CL122/EN 222 FINAL PAPER

 

The questions:

 

1. Formulate a definition of “Greek Tragedy.”

2. Show how this definition is applicable to five different tragedies.

 

The details:

 

a. Your definition should be sufficiently nuanced to get to the heart of Greek tragedy, what it’s all about, and how it does what it does.  Obviously this is not going to be a one-sentence definition.

 

b. I’d suggest you stay away from dictionary definitions of “tragedy” and trust your own ideas as they have developed in the course of the semester.

 

c. You are, however, allowed – indeed, encouraged – to discuss the questions above with other members of the class.  In the end, of course, your replies in the paper must be your own.

 

d. Be sure that your definition is sufficiently broad to cover all Greek tragedies.  To help you with this, no two tragedies that you discuss in part 2 can come from the same day’s reading assignment.

 

e.

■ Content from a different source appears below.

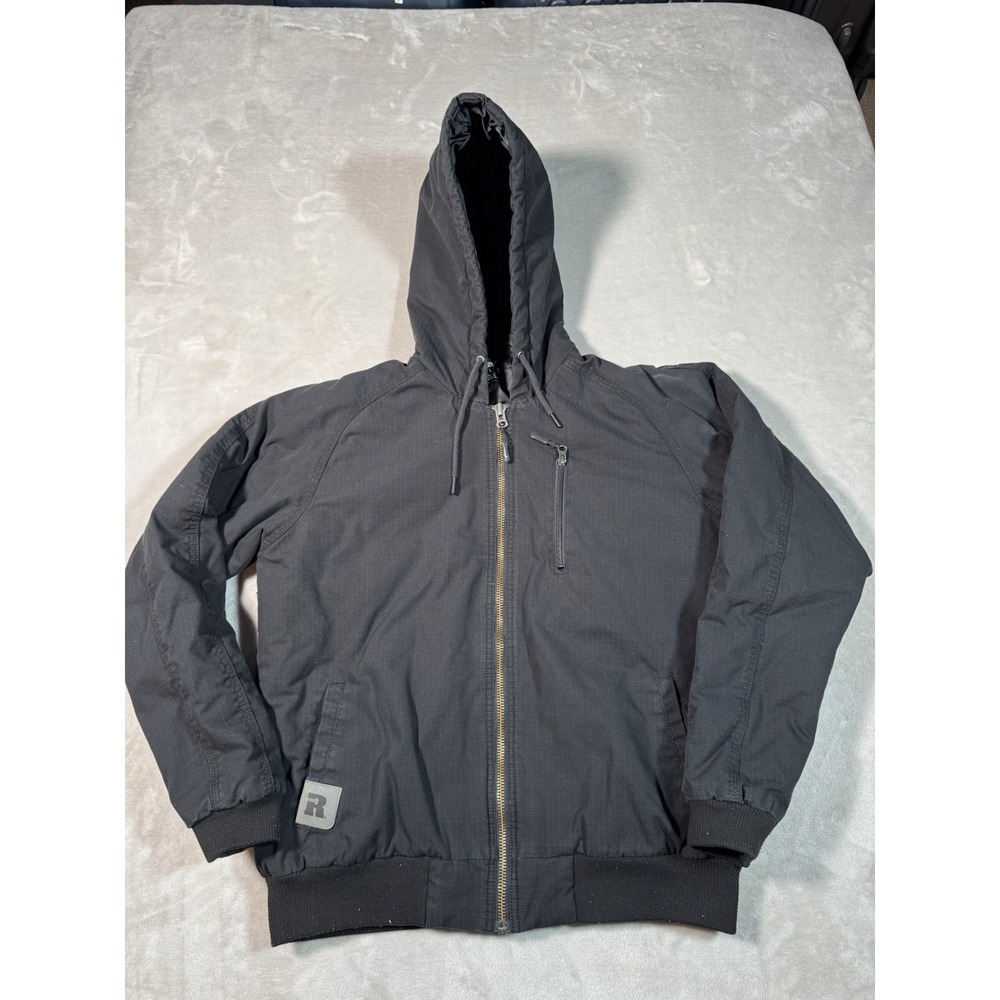 Wrangler Riggs Workwear Canvas Jacket Size Large Black Full Zip Hood Ribstop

Realistically speaking , you probably cannot answer the two parts of the exam adequately in less that six pages.  On the other hand, don’t pad just to fill up additional space (remember, I’ll be reading a lot of papers from this and my other papers in a fairly short period, and I can really get cranky).  On the third hand, ten pages is the maximum (cf. above on teacher’s crankiness).

 

f. This paper is due on Wednesday, May 6, at 9 am, the day and time scheduled by the Registrar for this course, but may be sent to me anytime after 12:01 am on the first Reading Day.  Except for illness or similar emergency there will be no extensions.  Late papers will be penalized a letter grade for day.

 

g. Send you paper in the form of a Word document attached to an e-mail addressed to rosivach@mail.fairfield.edu.  Please put your name and preferred e-mail address at the top of the first page of your paper.  I will return all papers within the first week after the final exams are finished.

 

h. Please include the following statement at the end of your paper:

 

“In this paper all information, language and ideas not specifically attributed to another source are either my own, taken from class notes, or developed in discussion with the other members of the class.”